Блок, разумеется, знал все это не понаслышке, «изнутри». Позднее, во Флоренции – в Уффици и галерее Питти, – в его путеводителе отчеркнуто название картины «Паллада и Кентавр» – и особенно в Академии, где художник соседствовал с Фра Беато Анджелико, а Блок был не однажды, – он Боттичелли видел. Тем непонятнее «феномен невстречи», молчания вокруг этого имени. И что-то противится принять заманчиво простую версию о том, что в Италии Блок «пересмотрел свой заранее составленный список: полюбил Фра Беато – но остался равнодушным к Боттичелли»11. Иронией случая или властью иных причин Боттичелли ведь не упоминается и среди тех, к кому, как к Рафаэлю, Блок «остался равнодушным». И было ли это равнодушием или восприятием более глубокого, вне симпатий и антипатий, уровня, отдаленно напоминающим то, что довелось испытать Блоку перед живописью Врубеля и Леонардо да Винчи…

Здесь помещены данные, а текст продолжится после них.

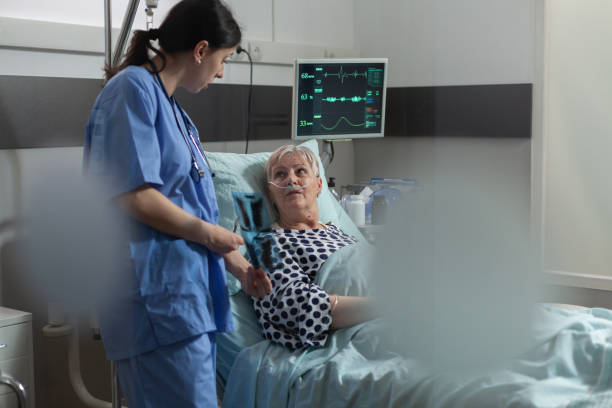 пожилой пациент в радиологической больничной палате, лежащий в постели - medical oxygen equipment healthcare and medicine 70s mature adult стоковые фото и изображения
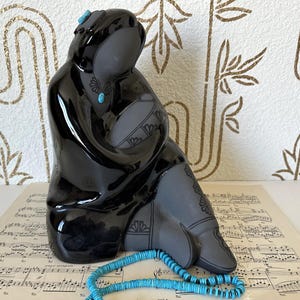 Puede incluir: Una escultura de cerámica negra de una figura sentada, adornada con detalles turquesas. La figura está envuelta en una capa negra brillante, con detalles grises en la ropa. Un collar de cuentas turquesas descansa frente a la escultura.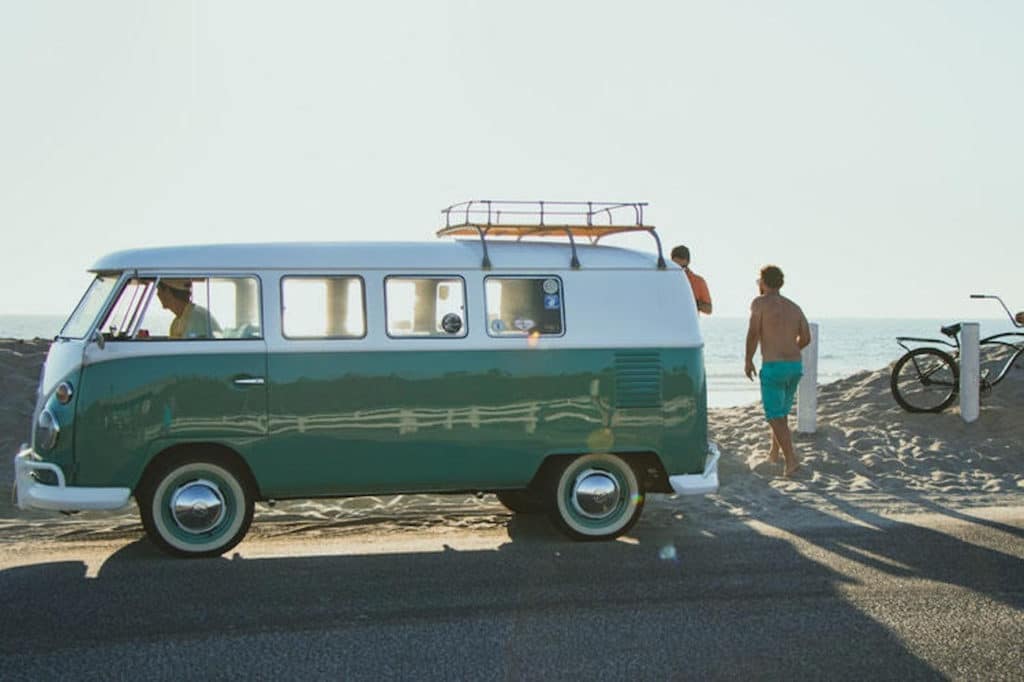 VW bus parked in front of the beach with man standing next to it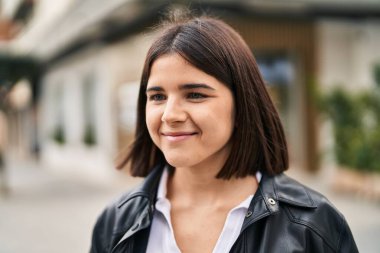 Young beautiful hispanic woman smiling confident looking to the side at street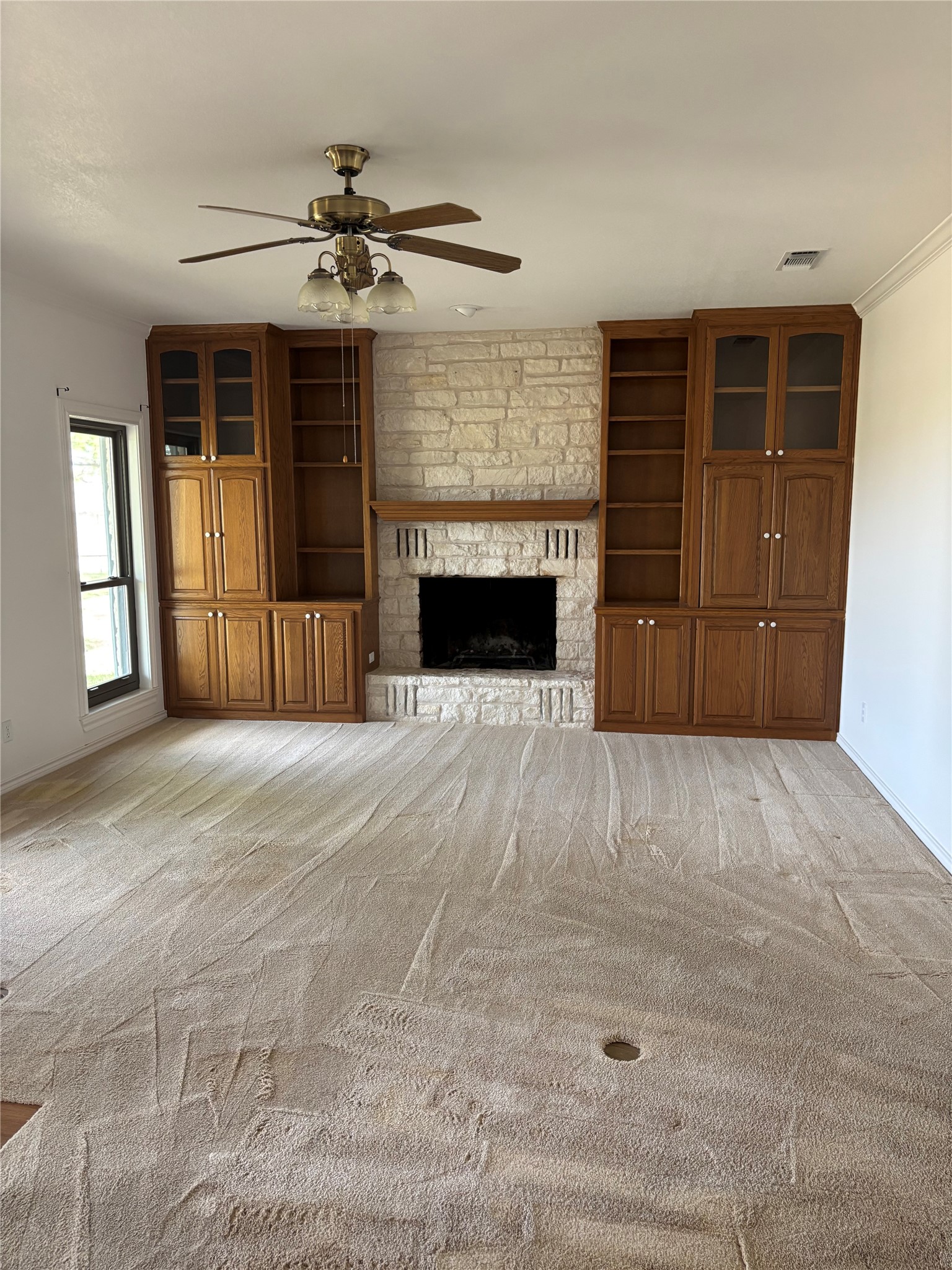 140 County Road 167 Georgetown, TX 78626 - Photo 7 of 21 a view of a livingroom with a fireplace cabinet and a window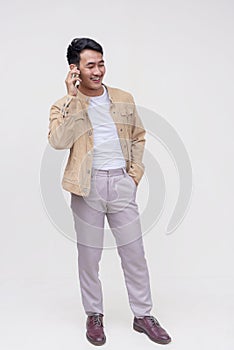 A handsome FIlipino guy in a khaki jacket, white shirt and light gray pants. Holding a phone talking to someone. Whole body photo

Но и тогда, во Флоренции, и позднее, в Берлине (1911), когда имя художника промелькнет на страницах блоковской записной книжки, оно поражает случайностью и неглубиной («Почему у Боттичелли Мадонн и Венер красные носы?» – Музей короля Фридриха в Берлине), редким для Блока отсутствием ассоциативных связей внеживописного порядка, не говоря о «космических ракурсах», тех самых «провалах в вечность», что бросают особый свет и определяют так много в восприятии Блоком Врубеля или живописи Леонардо да Винчи. Впрочем, «космосом» Боттичелли была Флоренция, «тонкая, скептическая и эгоистическая Флоренция Лоренцо» (Ф. Менье), а с вечностью, – она присутствует в его созданиях, – соперничал блистательный и непрочный век расцвета медичейской культуры, чью обреченность, неотвратимость конца художник почувствовал в ее цветущую пору, задолго до того, как этот конец наступил12.

И в согласии с природой его художественного дара чувство это находило выход не в мощном микеланджеловском Dies irae, но в исполненной грации и не до конца осознанной робости, смятенности духа, не заглушаемой ни вихрем ритмов, ни прихотливостью линий, ни стихией света, праздника, карнавала («Весна»). Напротив, за карнавальными, игровыми обертонами сюжета искушенному сознанию человека XX столетия открывалась травестийность и неприкаянность самого бытия, подошедшего к опасной черте драматических сломов и в жизни Флоренции, и в судьбе Боттичелли.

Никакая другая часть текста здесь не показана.